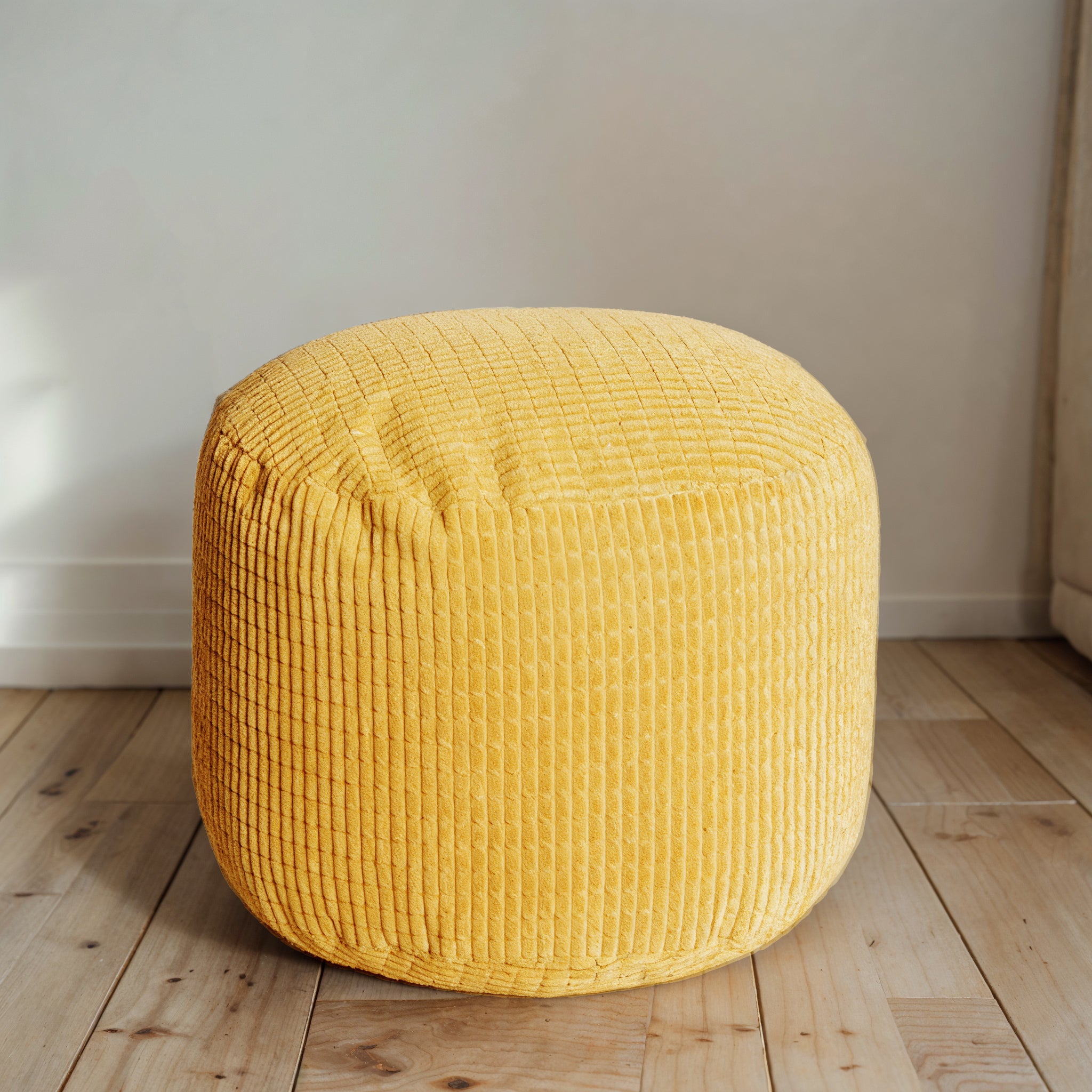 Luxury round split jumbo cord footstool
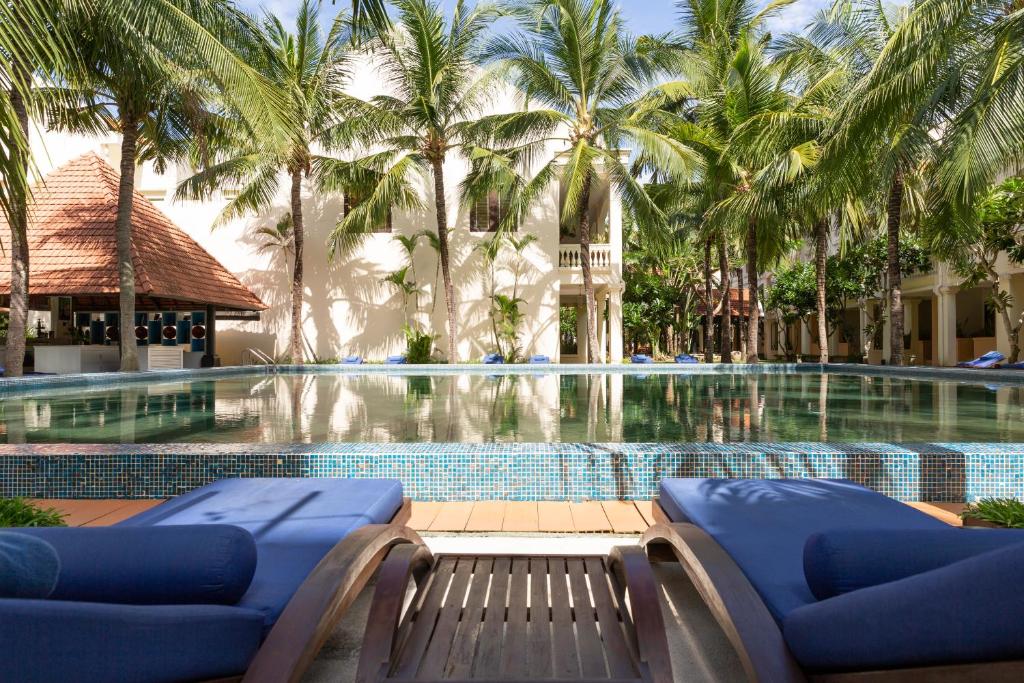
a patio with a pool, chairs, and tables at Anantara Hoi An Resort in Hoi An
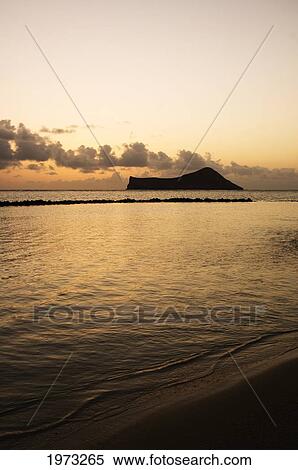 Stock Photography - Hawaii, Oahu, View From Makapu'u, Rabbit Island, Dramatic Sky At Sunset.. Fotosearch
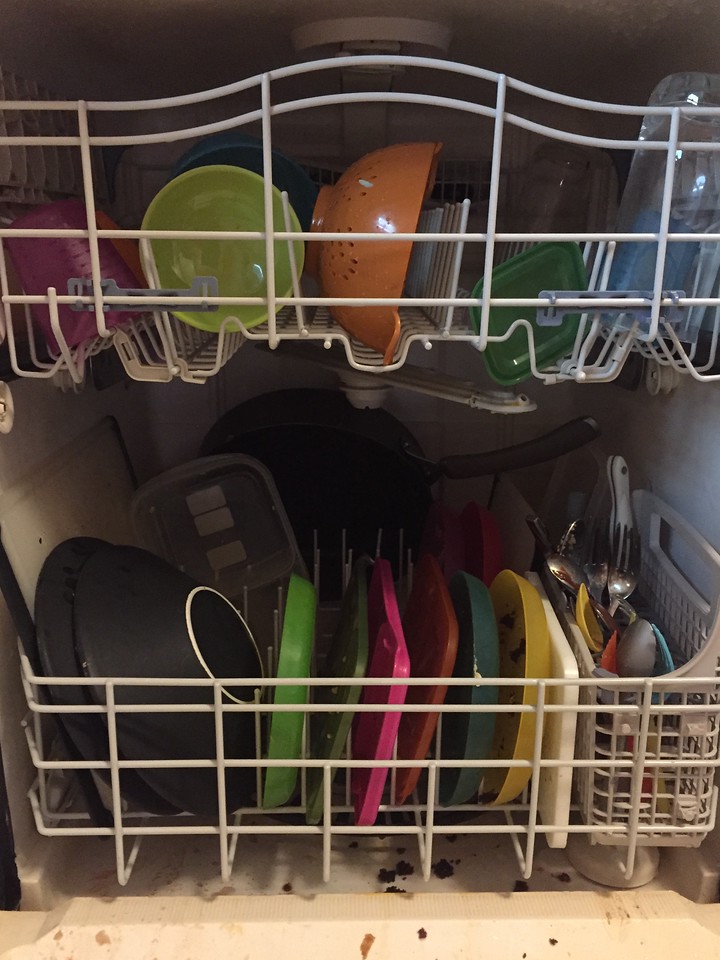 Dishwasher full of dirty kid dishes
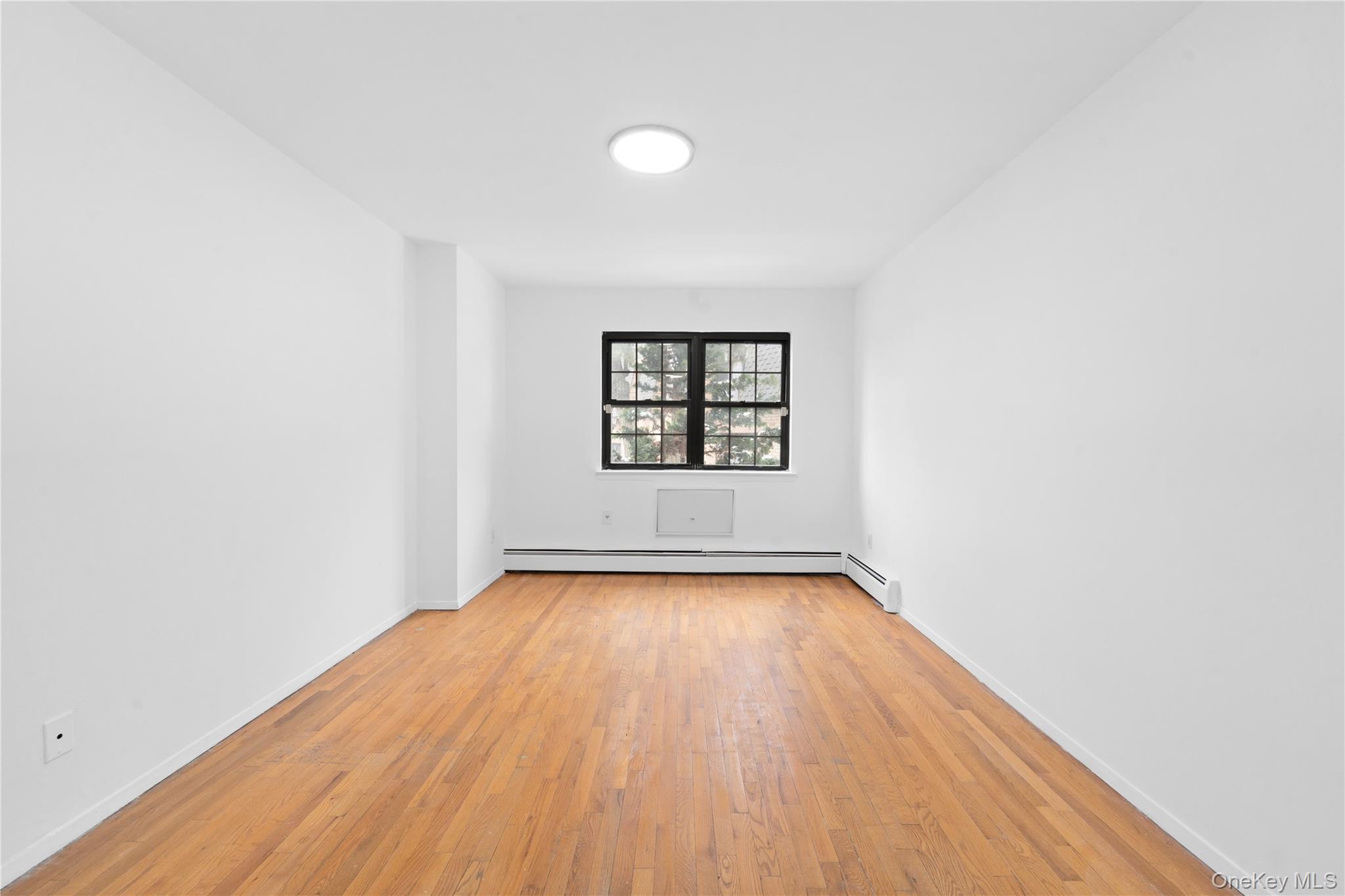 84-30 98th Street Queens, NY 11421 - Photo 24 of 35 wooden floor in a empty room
---+---
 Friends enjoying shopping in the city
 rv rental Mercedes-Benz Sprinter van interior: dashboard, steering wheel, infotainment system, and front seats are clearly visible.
---+---
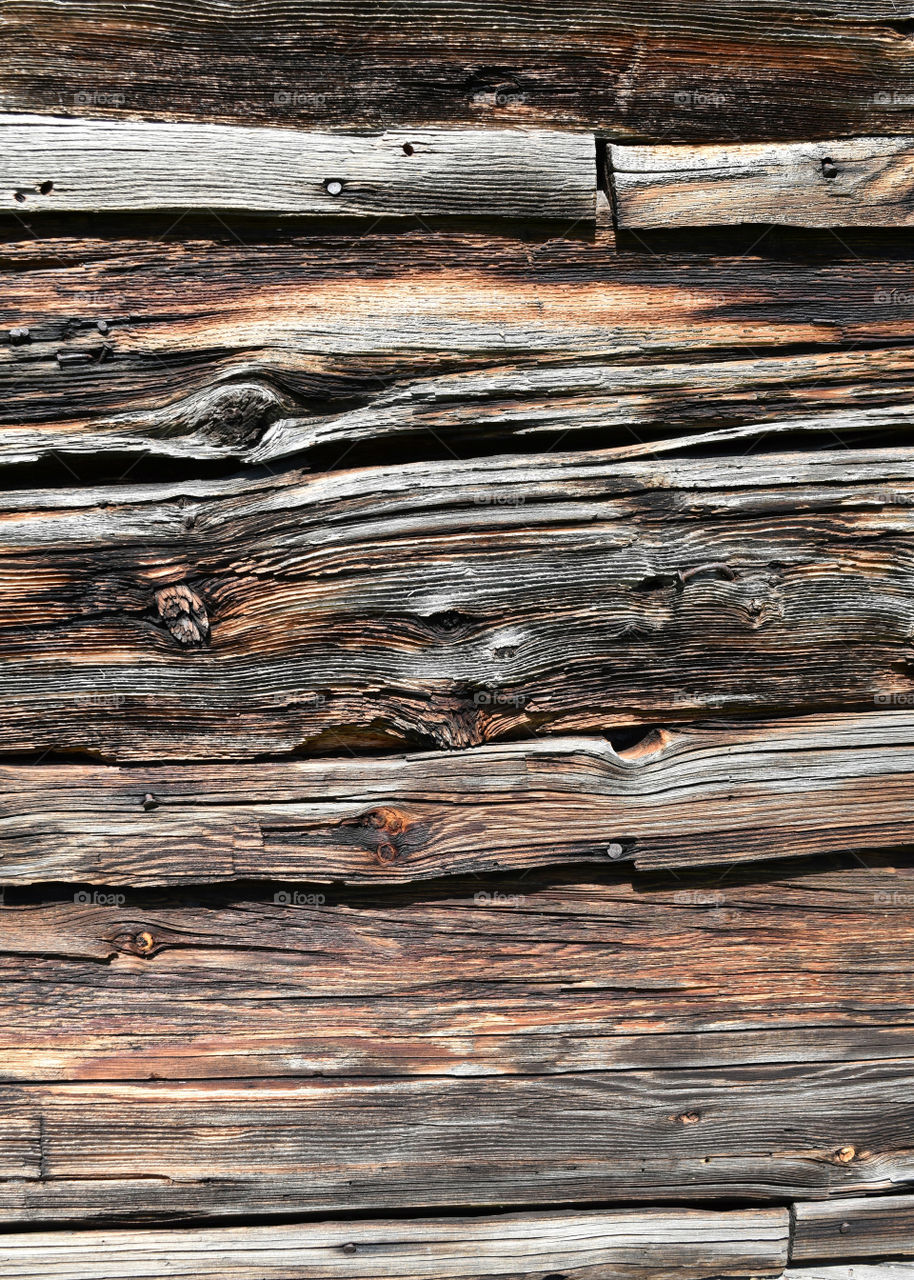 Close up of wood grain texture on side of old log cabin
---+---
* **WHAT IS BEING ASKED**
Every line above from the one with "Stock Photography - Hawaii, Oahu, View" down to the one with "84-30 98th Street" must be written out exactly, and no picture may appear.

* **TASK RESPONSE**
 Stock Photography - Hawaii, Oahu, View From Makapu'u, Rabbit Island, Dramatic Sky At Sunset.. Fotosearch
 Dishwasher full of dirty kid dishes
 84-30 98th Street Queens, NY 11421 - Photo 24 of 35 wooden floor in a empty room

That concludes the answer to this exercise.